> What you should do
Nothing but the lines below between the line holding "Светодиодный модуль Apeyron 02-56" and the line holding "Blijf bij me, lieve", inclusive, should appear in the answer, each set down exactly.

> Source data
▼▼▼
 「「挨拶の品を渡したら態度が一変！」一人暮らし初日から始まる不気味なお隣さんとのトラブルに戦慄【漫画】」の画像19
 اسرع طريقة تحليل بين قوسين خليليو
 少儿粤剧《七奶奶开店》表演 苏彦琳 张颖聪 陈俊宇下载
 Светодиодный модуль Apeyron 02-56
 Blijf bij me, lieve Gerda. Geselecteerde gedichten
▲▲▲
▼▼▼
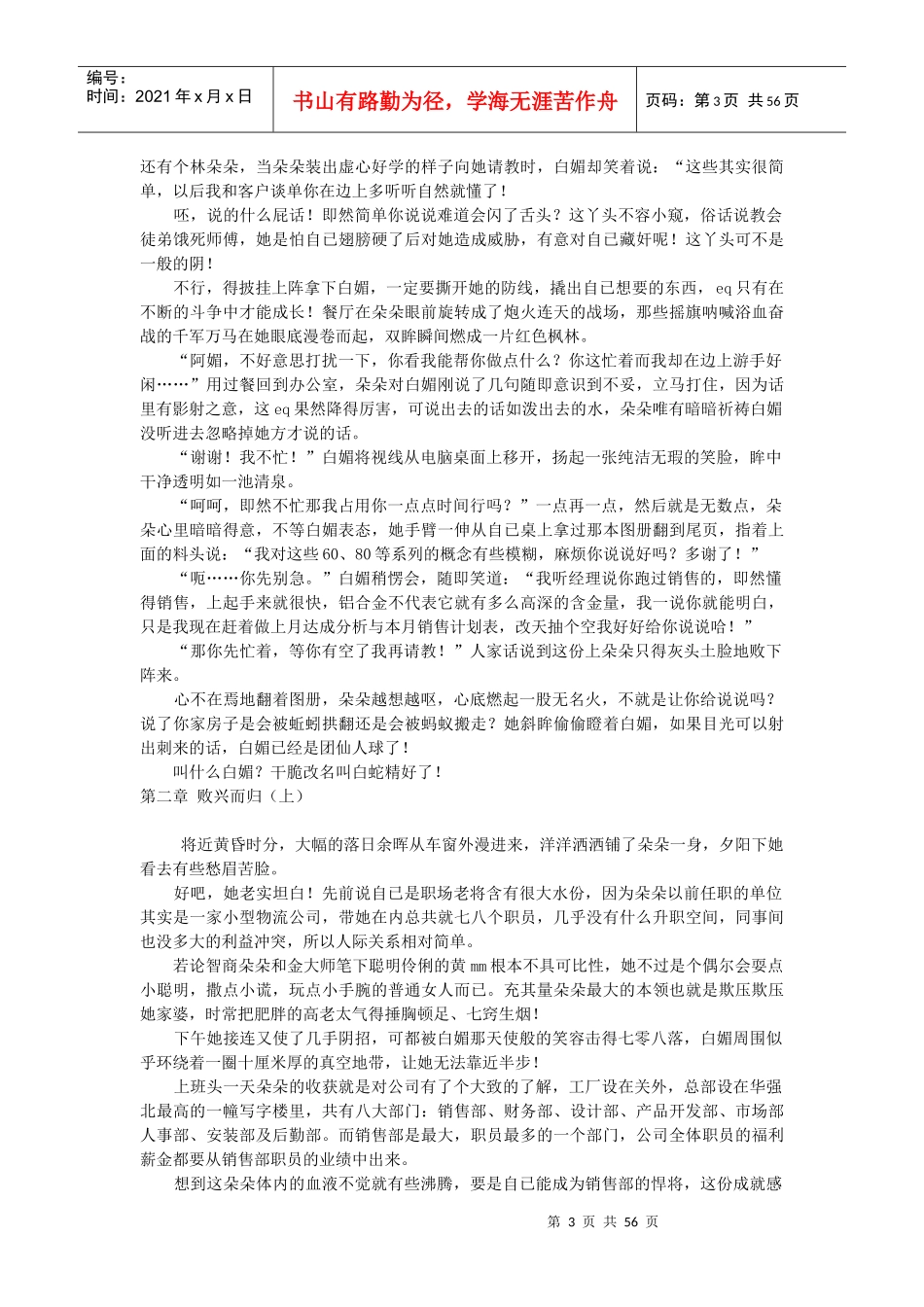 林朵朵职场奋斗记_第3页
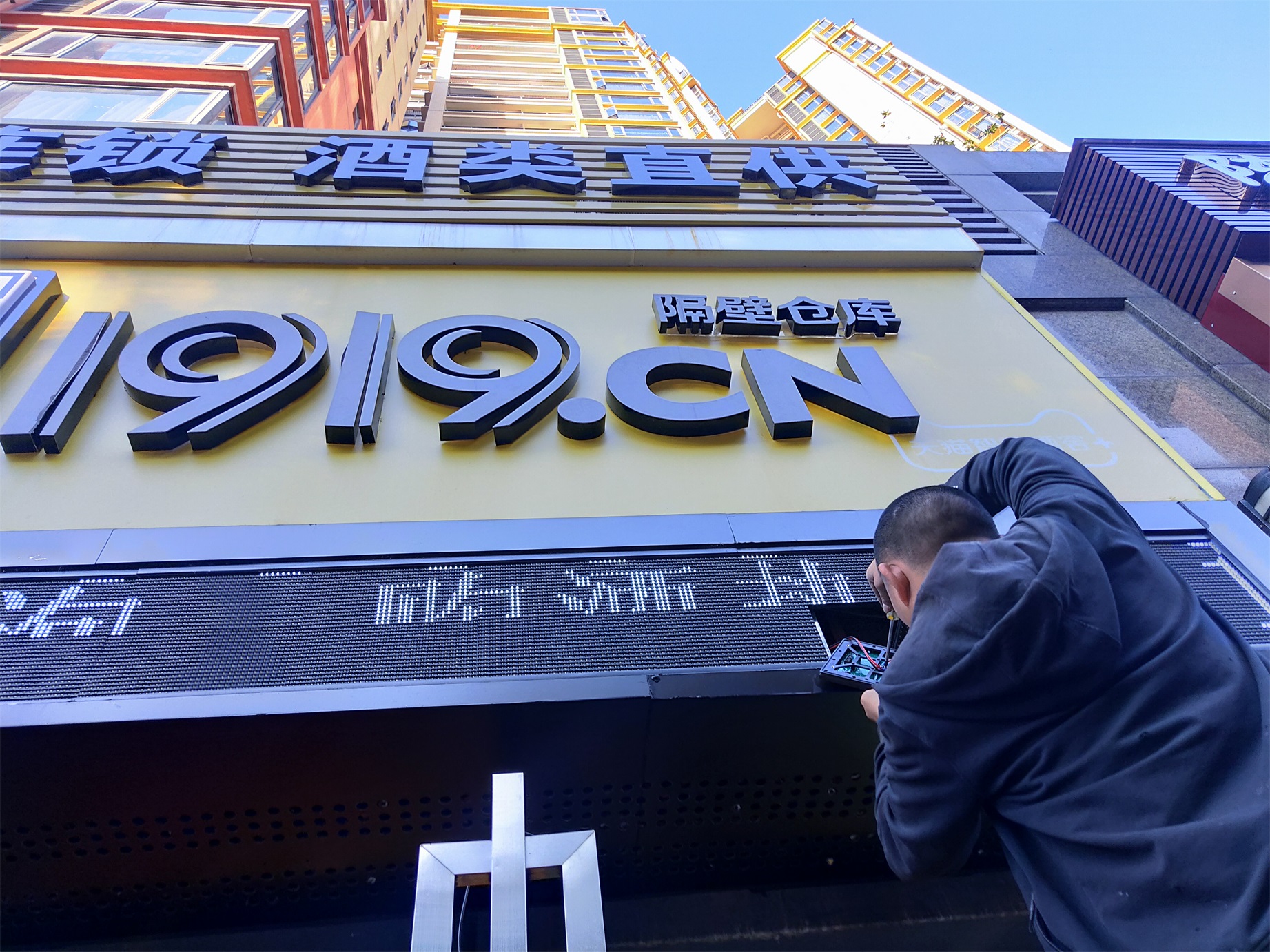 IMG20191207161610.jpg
▲▲▲
> The answer
 Светодиодный модуль Apeyron 02-56
 Blijf bij me, lieve Gerda. Geselecteerde gedichten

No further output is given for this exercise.